**AIM OF THE TASK**
Beginning with the first line, transcribe the entries below exactly through the line containing "7620 Nesbit Ferry Road, Sandy", inclusive.

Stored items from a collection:
[Start of section]

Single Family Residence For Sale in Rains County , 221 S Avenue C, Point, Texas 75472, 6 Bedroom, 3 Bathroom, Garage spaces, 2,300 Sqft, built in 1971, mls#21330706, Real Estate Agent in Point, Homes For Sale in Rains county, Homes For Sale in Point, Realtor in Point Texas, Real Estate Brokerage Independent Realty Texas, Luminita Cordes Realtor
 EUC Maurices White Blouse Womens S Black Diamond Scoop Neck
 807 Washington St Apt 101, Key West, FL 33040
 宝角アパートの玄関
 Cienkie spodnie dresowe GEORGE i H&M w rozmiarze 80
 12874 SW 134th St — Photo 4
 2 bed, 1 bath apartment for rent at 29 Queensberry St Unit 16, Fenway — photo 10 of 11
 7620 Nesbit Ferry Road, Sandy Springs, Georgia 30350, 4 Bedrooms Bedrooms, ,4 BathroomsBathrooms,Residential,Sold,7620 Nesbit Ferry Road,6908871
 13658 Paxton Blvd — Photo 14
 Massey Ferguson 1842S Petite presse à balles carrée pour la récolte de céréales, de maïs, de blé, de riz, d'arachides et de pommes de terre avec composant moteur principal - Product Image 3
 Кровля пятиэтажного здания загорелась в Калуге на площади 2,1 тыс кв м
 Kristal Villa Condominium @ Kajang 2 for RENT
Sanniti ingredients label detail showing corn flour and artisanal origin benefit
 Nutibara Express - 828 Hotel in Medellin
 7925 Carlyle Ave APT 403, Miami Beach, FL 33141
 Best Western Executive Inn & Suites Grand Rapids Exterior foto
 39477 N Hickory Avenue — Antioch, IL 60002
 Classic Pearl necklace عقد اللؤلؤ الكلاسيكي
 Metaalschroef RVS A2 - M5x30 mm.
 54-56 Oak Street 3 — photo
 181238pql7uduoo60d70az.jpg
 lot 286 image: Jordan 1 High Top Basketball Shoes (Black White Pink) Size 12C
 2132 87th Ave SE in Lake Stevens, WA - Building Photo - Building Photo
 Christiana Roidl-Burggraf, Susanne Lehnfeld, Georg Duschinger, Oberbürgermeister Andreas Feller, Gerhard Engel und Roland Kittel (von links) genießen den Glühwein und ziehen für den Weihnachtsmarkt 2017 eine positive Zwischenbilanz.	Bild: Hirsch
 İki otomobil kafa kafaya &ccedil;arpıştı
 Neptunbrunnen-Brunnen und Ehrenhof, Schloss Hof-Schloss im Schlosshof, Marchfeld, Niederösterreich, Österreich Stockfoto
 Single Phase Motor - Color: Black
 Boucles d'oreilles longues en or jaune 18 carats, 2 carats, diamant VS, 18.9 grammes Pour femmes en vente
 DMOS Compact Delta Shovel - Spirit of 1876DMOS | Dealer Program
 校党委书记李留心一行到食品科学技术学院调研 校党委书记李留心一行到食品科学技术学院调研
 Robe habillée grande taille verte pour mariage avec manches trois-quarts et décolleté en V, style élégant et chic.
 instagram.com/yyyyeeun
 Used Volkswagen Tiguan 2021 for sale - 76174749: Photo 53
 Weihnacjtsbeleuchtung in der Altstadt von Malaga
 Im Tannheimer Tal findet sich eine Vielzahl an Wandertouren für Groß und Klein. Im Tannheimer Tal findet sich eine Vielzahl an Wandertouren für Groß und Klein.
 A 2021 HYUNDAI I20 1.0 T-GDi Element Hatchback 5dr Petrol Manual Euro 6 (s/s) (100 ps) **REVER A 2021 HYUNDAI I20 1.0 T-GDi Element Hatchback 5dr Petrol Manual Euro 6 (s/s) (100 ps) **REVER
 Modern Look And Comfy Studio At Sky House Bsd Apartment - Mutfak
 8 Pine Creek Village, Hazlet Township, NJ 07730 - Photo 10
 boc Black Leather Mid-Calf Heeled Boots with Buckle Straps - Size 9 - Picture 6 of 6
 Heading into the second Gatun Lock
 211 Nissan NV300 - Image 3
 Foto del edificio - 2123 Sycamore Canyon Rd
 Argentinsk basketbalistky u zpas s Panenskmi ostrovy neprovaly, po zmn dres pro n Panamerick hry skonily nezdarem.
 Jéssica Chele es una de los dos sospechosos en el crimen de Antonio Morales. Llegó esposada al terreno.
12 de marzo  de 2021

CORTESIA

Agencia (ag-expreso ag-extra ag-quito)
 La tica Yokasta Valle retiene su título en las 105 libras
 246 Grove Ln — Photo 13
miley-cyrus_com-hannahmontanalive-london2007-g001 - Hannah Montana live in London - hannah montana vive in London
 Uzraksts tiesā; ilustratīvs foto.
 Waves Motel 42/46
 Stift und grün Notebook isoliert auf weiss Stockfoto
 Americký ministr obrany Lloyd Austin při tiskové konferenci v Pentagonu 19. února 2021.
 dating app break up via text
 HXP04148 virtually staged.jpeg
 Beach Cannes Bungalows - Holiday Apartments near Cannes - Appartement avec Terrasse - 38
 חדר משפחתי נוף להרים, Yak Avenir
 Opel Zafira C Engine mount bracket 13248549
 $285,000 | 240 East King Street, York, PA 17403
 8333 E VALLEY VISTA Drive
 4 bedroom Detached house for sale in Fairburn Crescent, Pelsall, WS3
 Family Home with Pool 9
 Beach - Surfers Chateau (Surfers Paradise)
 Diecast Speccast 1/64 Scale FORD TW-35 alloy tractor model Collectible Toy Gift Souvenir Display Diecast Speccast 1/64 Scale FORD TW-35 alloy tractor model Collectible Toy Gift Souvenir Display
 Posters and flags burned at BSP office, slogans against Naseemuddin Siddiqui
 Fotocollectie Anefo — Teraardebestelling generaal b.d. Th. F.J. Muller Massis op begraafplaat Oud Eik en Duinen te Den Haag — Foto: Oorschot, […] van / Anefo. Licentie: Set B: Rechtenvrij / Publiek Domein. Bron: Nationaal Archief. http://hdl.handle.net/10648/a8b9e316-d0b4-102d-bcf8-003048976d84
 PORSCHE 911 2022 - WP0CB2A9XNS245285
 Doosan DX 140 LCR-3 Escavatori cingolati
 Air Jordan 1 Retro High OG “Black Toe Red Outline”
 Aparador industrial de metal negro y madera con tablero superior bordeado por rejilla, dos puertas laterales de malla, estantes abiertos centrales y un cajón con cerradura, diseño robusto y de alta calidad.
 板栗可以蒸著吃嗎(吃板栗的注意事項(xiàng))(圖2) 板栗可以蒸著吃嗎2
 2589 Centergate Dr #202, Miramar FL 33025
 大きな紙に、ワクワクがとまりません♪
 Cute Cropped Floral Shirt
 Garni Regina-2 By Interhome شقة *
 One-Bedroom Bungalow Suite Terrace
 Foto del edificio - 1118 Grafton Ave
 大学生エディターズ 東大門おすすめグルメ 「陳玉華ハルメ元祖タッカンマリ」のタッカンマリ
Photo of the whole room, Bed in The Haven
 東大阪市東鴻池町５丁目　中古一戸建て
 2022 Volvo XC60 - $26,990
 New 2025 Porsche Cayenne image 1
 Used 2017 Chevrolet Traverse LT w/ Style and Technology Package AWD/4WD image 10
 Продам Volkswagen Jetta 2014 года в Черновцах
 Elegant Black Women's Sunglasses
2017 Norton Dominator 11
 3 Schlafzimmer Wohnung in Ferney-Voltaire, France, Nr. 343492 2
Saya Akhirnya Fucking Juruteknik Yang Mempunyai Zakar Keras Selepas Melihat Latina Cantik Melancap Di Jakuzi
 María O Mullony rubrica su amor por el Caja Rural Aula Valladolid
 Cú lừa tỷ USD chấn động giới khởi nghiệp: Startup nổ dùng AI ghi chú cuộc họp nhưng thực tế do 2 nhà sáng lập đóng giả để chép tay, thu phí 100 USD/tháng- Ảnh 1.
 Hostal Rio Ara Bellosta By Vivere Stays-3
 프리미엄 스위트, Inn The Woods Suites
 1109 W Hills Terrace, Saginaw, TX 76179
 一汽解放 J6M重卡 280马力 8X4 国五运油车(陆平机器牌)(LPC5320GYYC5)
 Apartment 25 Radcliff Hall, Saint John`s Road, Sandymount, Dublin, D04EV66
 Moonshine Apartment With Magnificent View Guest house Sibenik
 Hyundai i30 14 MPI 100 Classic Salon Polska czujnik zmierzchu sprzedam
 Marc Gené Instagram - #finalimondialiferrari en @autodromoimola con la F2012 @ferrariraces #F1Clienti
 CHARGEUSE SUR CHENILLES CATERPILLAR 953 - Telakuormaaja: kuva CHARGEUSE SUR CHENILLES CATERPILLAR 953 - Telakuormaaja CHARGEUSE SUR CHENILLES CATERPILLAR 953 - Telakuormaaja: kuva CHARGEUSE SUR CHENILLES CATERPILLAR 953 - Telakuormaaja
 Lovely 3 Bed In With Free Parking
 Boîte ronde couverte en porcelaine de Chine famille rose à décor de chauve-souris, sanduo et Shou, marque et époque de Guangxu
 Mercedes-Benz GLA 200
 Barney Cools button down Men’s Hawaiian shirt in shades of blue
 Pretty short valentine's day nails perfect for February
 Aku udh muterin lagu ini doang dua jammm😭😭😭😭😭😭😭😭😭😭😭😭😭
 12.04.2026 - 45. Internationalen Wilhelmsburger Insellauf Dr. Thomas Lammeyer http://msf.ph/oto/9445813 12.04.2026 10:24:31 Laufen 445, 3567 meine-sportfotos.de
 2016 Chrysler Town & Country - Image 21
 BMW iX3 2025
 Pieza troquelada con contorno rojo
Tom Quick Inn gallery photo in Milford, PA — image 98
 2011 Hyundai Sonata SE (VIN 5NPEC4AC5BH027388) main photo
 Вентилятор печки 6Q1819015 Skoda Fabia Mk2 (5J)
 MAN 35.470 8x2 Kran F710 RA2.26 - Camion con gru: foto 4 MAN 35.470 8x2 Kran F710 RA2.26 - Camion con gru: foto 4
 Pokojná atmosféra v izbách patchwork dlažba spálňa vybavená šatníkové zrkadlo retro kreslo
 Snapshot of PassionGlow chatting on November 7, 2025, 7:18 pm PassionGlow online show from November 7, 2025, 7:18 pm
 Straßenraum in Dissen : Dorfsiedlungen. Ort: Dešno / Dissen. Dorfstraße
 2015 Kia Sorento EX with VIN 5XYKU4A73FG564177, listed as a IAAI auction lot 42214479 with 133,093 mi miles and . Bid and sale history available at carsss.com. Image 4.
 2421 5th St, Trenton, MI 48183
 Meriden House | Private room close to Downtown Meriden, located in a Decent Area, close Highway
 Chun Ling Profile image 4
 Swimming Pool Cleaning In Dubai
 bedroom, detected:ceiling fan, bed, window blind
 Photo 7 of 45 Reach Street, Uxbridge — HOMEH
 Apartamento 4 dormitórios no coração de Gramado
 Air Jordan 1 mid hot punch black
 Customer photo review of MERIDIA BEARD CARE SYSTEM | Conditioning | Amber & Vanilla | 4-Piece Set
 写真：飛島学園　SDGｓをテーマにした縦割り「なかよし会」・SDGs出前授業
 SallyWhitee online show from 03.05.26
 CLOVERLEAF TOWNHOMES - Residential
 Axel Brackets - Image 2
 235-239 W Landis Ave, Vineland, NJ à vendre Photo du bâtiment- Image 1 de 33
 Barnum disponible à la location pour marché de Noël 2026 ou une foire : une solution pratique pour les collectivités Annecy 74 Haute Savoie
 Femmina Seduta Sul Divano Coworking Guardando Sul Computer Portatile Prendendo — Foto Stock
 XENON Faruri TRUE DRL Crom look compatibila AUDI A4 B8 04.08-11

[End of section]

**FINISHED TASK**
Single Family Residence For Sale in Rains County , 221 S Avenue C, Point, Texas 75472, 6 Bedroom, 3 Bathroom, Garage spaces, 2,300 Sqft, built in 1971, mls#21330706, Real Estate Agent in Point, Homes For Sale in Rains county, Homes For Sale in Point, Realtor in Point Texas, Real Estate Brokerage Independent Realty Texas, Luminita Cordes Realtor
 EUC Maurices White Blouse Womens S Black Diamond Scoop Neck
 807 Washington St Apt 101, Key West, FL 33040
 宝角アパートの玄関
 Cienkie spodnie dresowe GEORGE i H&M w rozmiarze 80
 12874 SW 134th St — Photo 4
 2 bed, 1 bath apartment for rent at 29 Queensberry St Unit 16, Fenway — photo 10 of 11
 7620 Nesbit Ferry Road, Sandy Springs, Georgia 30350, 4 Bedrooms Bedrooms, ,4 BathroomsBathrooms,Residential,Sold,7620 Nesbit Ferry Road,6908871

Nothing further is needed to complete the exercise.